# Pompanos fall run yet?



## I-Salt (Aug 9, 2012)

As title states. Pompanoes making the fall run yet? I can't wait! Ill be there last week of october so idk if its a good time. I'm 5 hrs from the beach so I rely on the forums reports thanks.


----------



## OfcRob (Sep 12, 2013)

they are starting to show up a little, i got 1 fall pomp yesterday, fat sucker. that was the toughest pomp i have ever filet to date. it was so thick i couldn't get my 7" filet knife all the way through it. i have a razor sharp knife and it still was a PITA. there were probably more out there yesterday but the beach was like a lake, perfectly flat and clear as hell so they were probably further out than i can cast.


----------



## Pompano Joe (Jan 28, 2009)

Agree with OfcRob...I've had limited exposure on the beach (waiting for water temp to come down), but have caught a few. And they were definitely fat, fall Pomps.
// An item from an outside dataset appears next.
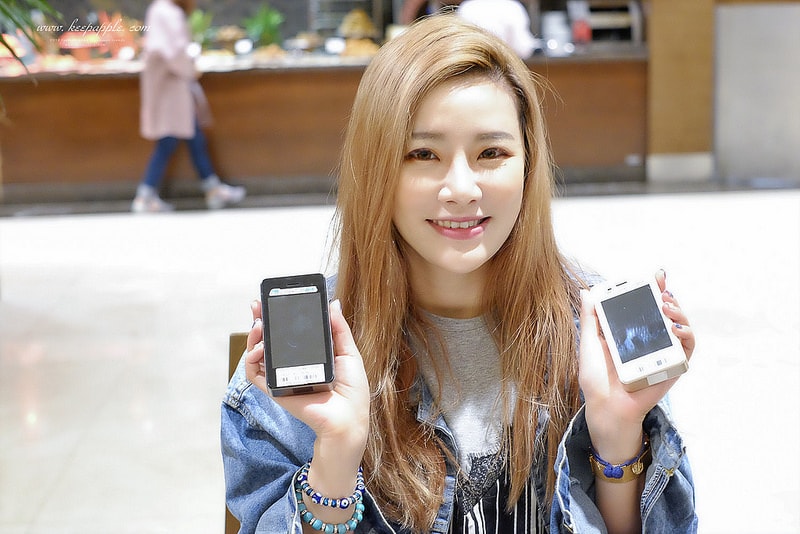 【逼先生專欄】土耳其旅行必備GLOBAL WiFi機~(讀者享「特價優惠+再8折+寄件免運」) - 第7張圖 DSCF9701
All we need is a little cooler water, wind and surf and it should be on.


----------



## dorado74 (Oct 16, 2007)

I went gigging in the gulf last night and stopped counting pompano in the lights. They are here! I'm headed to the beach today!


----------



## I-Salt (Aug 9, 2012)

Guess its time to put the hobie up for the winter and pull out the surf rods then. Thanks guys


----------



## westkybanded (Sep 30, 2013)

We were in Perdido last week and fished the surf every day. Caught ONE keeper pompano, where that same week last year same spot produced dozens. He was a stud tho! 

We took a bowfishing charter last Tuesday, and saw maybe a dozen all night, and all in deeper water.  They just aren't up quite yet.


----------



## Loruna (Aug 3, 2013)

Has anyone ever taken their yak out with pomp gigs hooked with sandfleas and slowly trolled around?
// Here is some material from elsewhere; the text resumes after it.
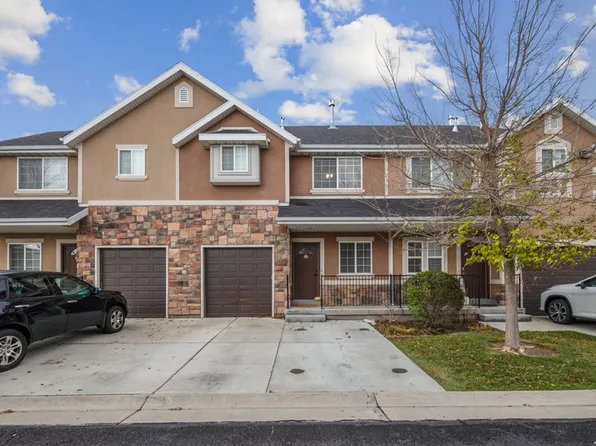 13571 S Florenza Way, Draper, UT 84020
I've gotten pomps on shore before but figured I could cover more ground and get some exercise if I took the yak out.


----------



## NoMoSurf (Oct 2, 2007)

Loruna said:


> Has anyone ever taken their yak out with pomp gigs hooked with sandfleas and slowly trolled around?
> 
> I've gotten pomps on shore before but figured I could cover more ground and get some exercise if I took the yak out.


Interesting idea... hmmm.. I've never trolled for pomps... :thumbsup:


----------



## Bama Dave (Oct 22, 2013)

New to this forum but not fishing Pickens for pompano. A friend and I went fishing off the Alabama side of the Perdido Pass jetties two weeks ago and landed 4 with 3 being keepers. I haven't been to Pickens in awhile. Is it open again? Thinking about taking the queen to Pickens and fishing again. I know that the fall run should be starting now. Any updates would be greatly appreciated from the locals. Later Bama Dave


----------